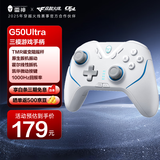 雷神（ThundeRobot）G50 Ultra 无线游戏手柄 类xbox手柄TMR摇杆四马达扳机振动蓝牙体感PC电脑steam明末渊虚之羽 白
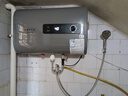 史密斯蘭堡【免費上門(mén)安裝】熱水器電熱水器家用洗澡速熱儲水式2200瓦扁桶雙膽一級能效40升50升60升出水斷電 【50升】2200W出水斷電+節能速熱+機械數顯 曬單實(shí)拍圖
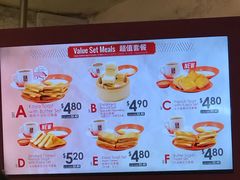 菜单-亚坤(白沙浮广场店)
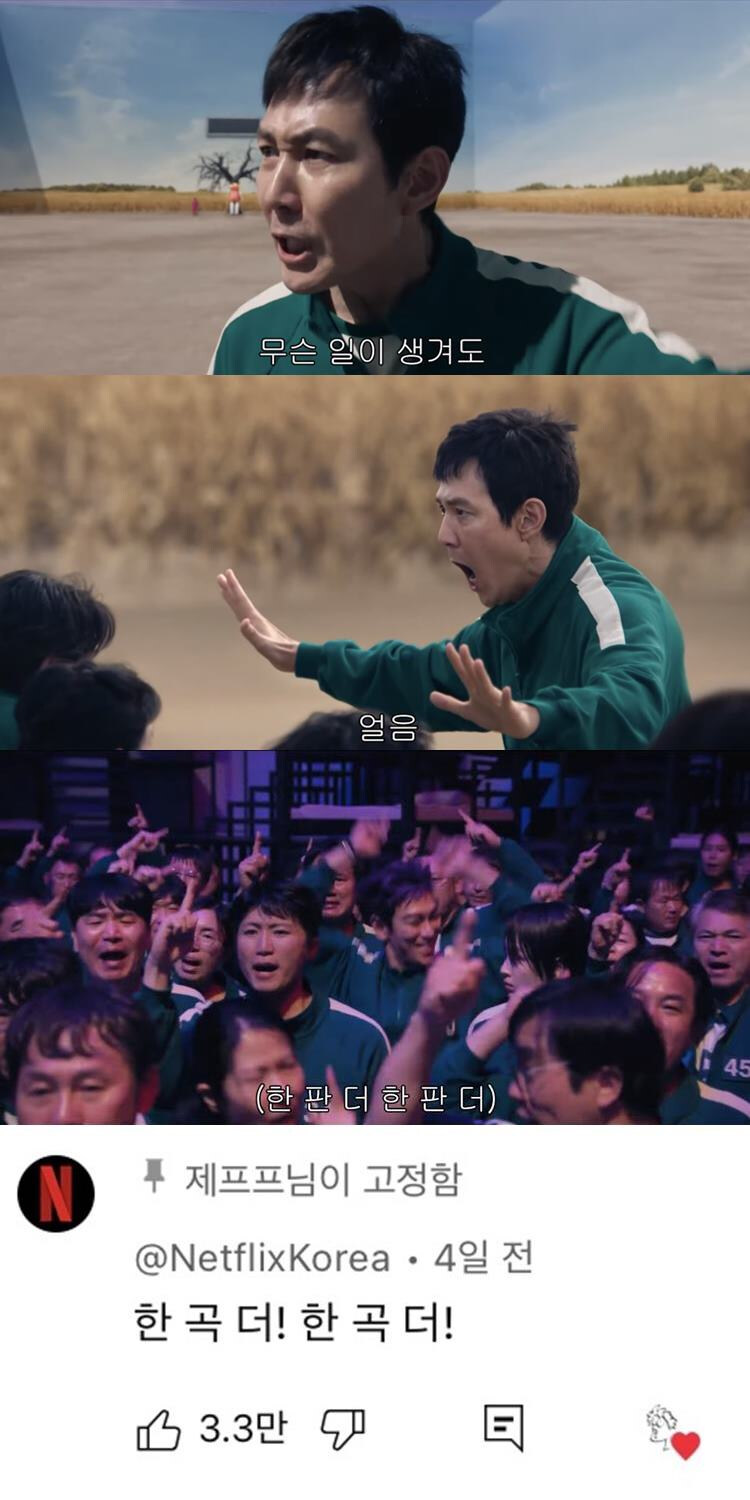 진짜 대박난 황정민 음악가 ㅋㅋㅋㅋ_2.jpg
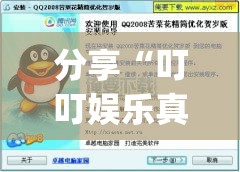 分享“叮叮娱乐真的能开挂吗	”(曝光透视猫腻)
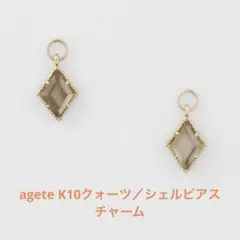2026年最新】アガット チャーム リバーシブルの人気アイテム - メルカリ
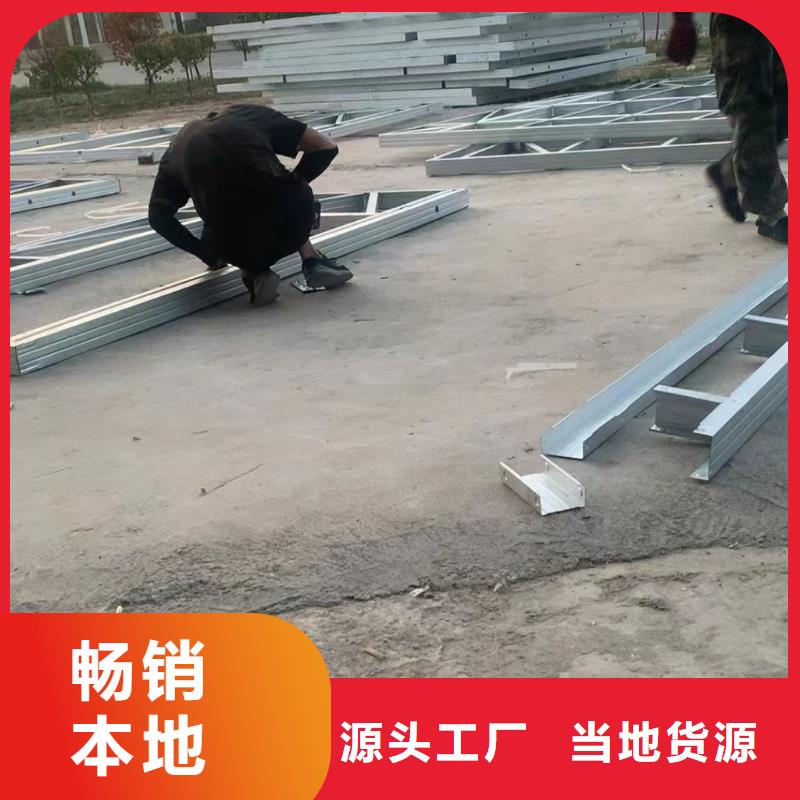 农村一层自建房一层十大品牌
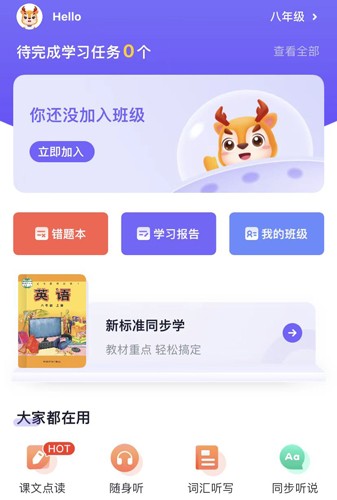 外研优学校园版(1)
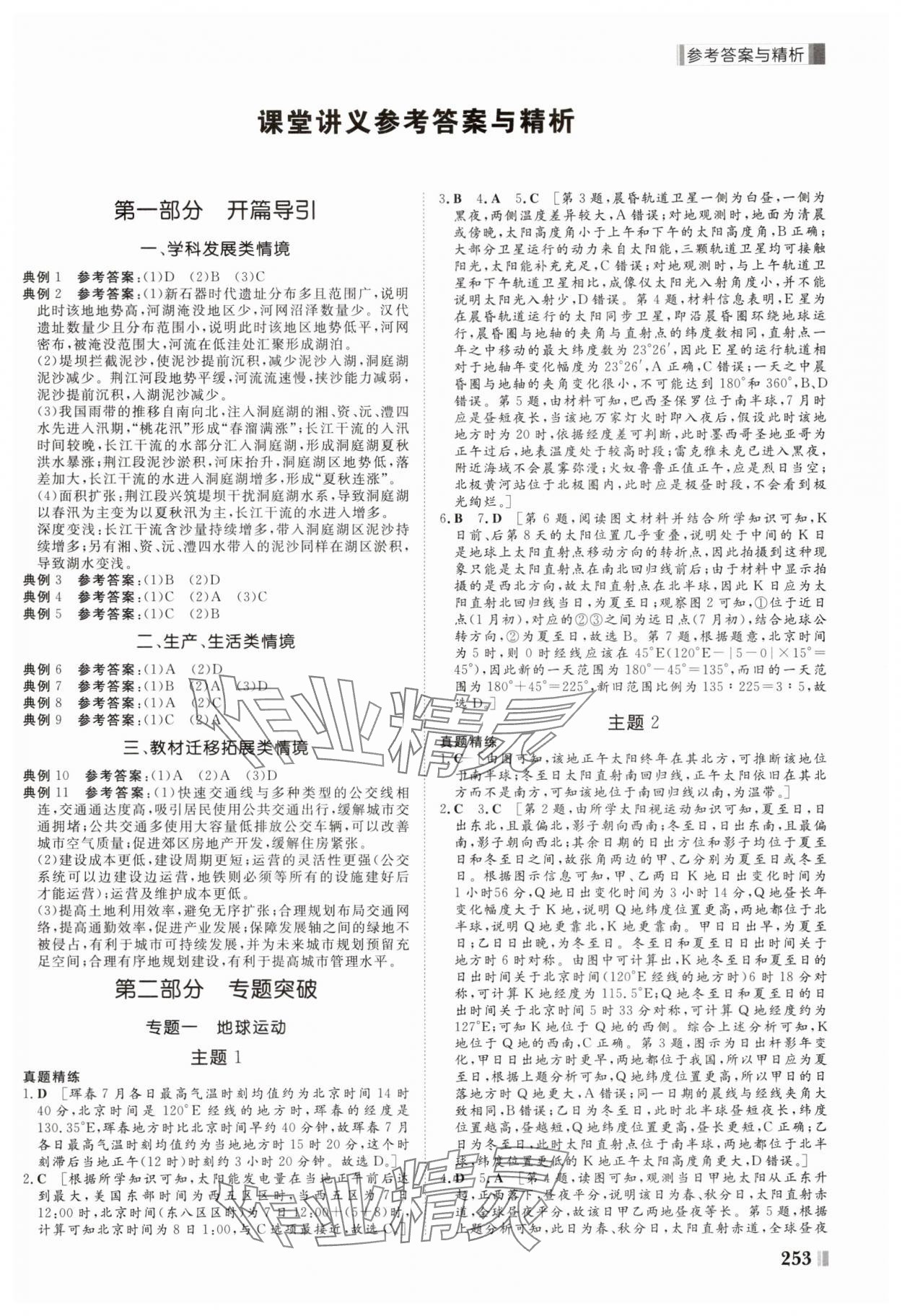 2025年課堂新坐標(biāo)二輪專題復(fù)習(xí)與策略地理 第1頁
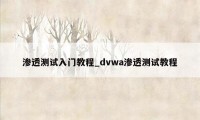 渗透测试入门教程_dvwa渗透测试教程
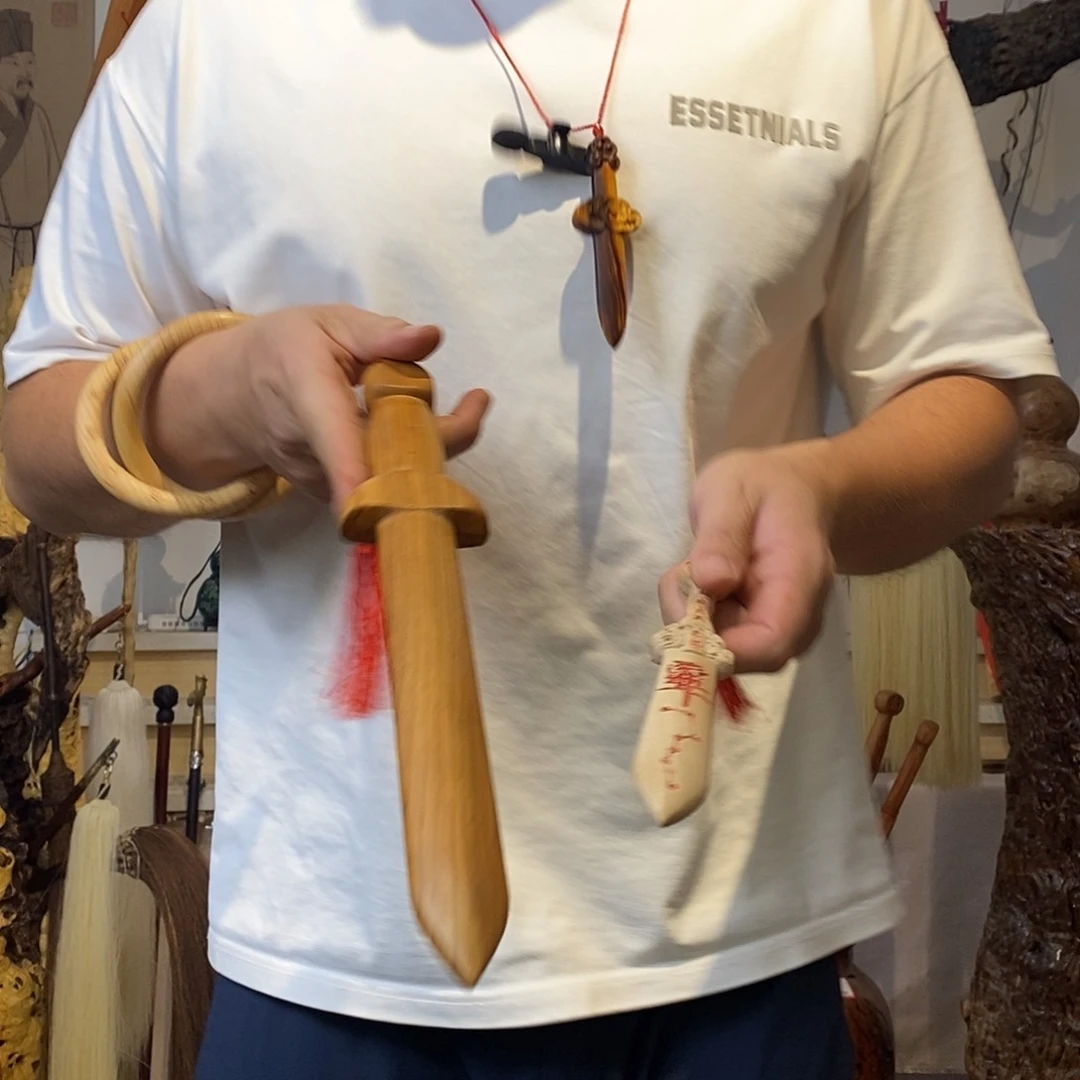 杂色豆（科檀/科特迪瓦檀木）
==============================
The result should be all the records, retyped exactly, with no pictures among them.

 雷神（ThundeRobot）G50 Ultra 无线游戏手柄 类xbox手柄TMR摇杆四马达扳机振动蓝牙体感PC电脑steam明末渊虚之羽 白
 史密斯蘭堡【免費上門(mén)安裝】熱水器電熱水器家用洗澡速熱儲水式2200瓦扁桶雙膽一級能效40升50升60升出水斷電 【50升】2200W出水斷電+節能速熱+機械數顯 曬單實(shí)拍圖
 菜单-亚坤(白沙浮广场店)
 진짜 대박난 황정민 음악가 ㅋㅋㅋㅋ_2.jpg
 分享“叮叮娱乐真的能开挂吗	”(曝光透视猫腻)
2026年最新】アガット チャーム リバーシブルの人気アイテム - メルカリ
 农村一层自建房一层十大品牌
 外研优学校园版(1)
 2025年課堂新坐標(biāo)二輪專題復(fù)習(xí)與策略地理 第1頁
 渗透测试入门教程_dvwa渗透测试教程
 杂色豆（科檀/科特迪瓦檀木）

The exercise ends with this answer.